Le jour des morts – Nicolas Lebel

1er novembre, Le jour des morts, les cadavres se ramassent à la pelle. Ils tombent comme des mouches sous les coups (tout en finesse) d’une étrange empoisonneuse et d’un Nicolas Lebel vraiment inspiré.

Pas de surenchère

Voilà déjà la première originalité du récit de l’auteur : une empoisonneuse donc, et pas de surenchère dans la violence malgré le côté morbide de l’intrigue. Une histoire toute en suggestions, en émotions diverses et en inspiration. Un récit qui s’étire à travers de longs chapitres, bien loin de la mode actuelle du « plus c’est court, plus c’est bon ». Au contraire, Lebel prend le temps de construire son intrigue, de créer une atmosphère et de s’amuser avec nous, sans qu’aucune longueur ne vienne jamais poindre.

Si ce roman sort du lot, c’est aussi grâce à la plume de l’auteur.
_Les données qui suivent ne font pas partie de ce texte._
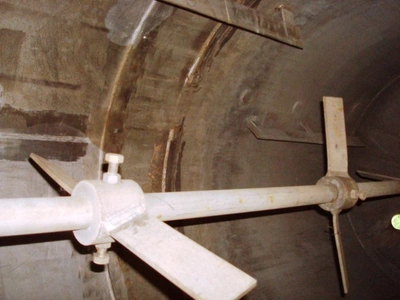 1800 L S/S Electrically Heated Mixer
Une écriture riche, loin d’un basique « sujet-verbe-complément ». Et puis, il y a cet humour omniprésent, avec ces joutes verbales proprement jouissives.

Feux d’artifice

Certains passages sont, à ce titre, de véritables feux d’artifice. « Oh Lebel bleue, Oh Lebel rouge ! », Des explosions hautes en couleur, du genre à vous coller de grands sourires et vous pousser à relire les passages une seconde fois, par pur plaisir.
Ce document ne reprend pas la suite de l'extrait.